Evie Vlahakis, PT ’89: Where Is She Now?

Evie vlahakis 1Bio: I am currently seeing complex patients in their home, office and gym privately, as well as working with two PT clinics in a similar capacity for homecare therapy. I also launched a side career as a consultant for physicians who refer their difficult patients to me, whom I visit to evaluate and determine the “next steps.” In addition, I’m an Executive Consultant with Rodan + Fields, the premium skincare brand, growing my team and training new enrollees and consultants to achieve their potential for maximal benefit for their own home based business. In both my career as a PT clinician and the consulting gigs, it matches my lifestyle for the flexibility to succeed as a single/widowed mother of two teenagers.
Job Title and Company: Senior Physical Therapist, Consultant, Self-Employed
Degree from SBU: ’89 B.S. in Physical Therapy 
How did you decide to enter into your field of work?
I began wanting to work with special needs children. After volunteering at a preschool, I was fortunate to be able to observe all the disciplines and migrated towards the PT. I then ventured to hospital adult inpatient and outpatient departments and finally to sports medicine. It was in school that orthopedics and rehabilitation were much more interesting to me with adult patients.While interviewing in 1989, the statistics showed that there were seven available jobs for every graduating PT.  I chose to stay local to LI for 2 years, then moved to Manhattan to explore my options with a sports medicine/orthopedic clinic.
What do you wish you had known as a student?

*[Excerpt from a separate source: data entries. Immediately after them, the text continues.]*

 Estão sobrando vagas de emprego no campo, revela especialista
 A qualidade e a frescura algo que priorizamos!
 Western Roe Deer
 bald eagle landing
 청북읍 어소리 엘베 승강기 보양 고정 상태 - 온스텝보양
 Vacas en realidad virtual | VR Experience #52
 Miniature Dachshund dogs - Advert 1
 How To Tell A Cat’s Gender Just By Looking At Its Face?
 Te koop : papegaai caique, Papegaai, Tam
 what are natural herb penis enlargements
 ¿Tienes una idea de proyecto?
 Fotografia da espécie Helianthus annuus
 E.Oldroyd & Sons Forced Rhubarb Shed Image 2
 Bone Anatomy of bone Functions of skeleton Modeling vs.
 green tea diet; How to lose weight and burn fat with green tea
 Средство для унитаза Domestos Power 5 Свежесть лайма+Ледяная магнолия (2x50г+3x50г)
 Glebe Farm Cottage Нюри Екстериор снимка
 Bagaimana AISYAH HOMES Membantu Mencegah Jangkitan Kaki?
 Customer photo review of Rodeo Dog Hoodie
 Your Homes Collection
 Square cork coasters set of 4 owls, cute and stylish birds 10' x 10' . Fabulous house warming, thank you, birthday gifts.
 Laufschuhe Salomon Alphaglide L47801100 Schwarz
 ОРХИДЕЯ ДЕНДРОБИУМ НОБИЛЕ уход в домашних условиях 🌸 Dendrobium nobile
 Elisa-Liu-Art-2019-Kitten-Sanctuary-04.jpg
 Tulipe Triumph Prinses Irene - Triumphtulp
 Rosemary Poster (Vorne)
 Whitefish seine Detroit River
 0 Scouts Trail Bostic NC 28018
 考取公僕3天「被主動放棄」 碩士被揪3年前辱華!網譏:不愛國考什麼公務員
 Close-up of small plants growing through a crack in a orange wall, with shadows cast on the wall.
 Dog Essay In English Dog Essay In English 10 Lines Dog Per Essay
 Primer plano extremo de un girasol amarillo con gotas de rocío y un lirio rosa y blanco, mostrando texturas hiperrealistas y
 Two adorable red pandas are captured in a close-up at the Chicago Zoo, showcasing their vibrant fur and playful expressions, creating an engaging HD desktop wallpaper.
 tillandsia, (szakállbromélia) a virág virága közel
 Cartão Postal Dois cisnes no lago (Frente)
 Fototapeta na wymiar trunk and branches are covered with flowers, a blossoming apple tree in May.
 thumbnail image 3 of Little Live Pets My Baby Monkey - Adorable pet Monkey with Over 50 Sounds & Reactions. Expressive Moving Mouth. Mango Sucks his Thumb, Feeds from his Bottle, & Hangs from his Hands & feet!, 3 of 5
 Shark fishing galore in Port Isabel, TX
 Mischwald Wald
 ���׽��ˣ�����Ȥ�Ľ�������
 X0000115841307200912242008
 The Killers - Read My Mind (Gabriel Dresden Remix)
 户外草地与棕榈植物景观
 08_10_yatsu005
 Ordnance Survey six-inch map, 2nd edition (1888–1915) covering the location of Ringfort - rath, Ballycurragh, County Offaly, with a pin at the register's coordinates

My wish was to dive into the really tough, life changing and physical medicine areas of physical therapy: Teach an amputee to walk again, coma recovery, multiple fracture rehab, work with anyone so I can make a grand difference and get them back to their normal life. What I was not prepared for is the impact that those patients had in my life, their stories, their families and their situations that would stay with me. The lesson learned and the relationships with the team of PTs that I worked with will never be forgotten. So, as a student, take it all in, because it all matters, even when you think it doesn’t. Thus, the worst situation, the most difficult patient and the most exasperating cases are all lessons to make you a better clinician.  Keep your mind open and leave your emotional and cultural baggage behind.  It is also important to note that although other industries in STEM have traditionally been a male dominated career track, health related careers have a closer male: female ratio. I am very fortunate enough to have worked with and led by strong women in this field.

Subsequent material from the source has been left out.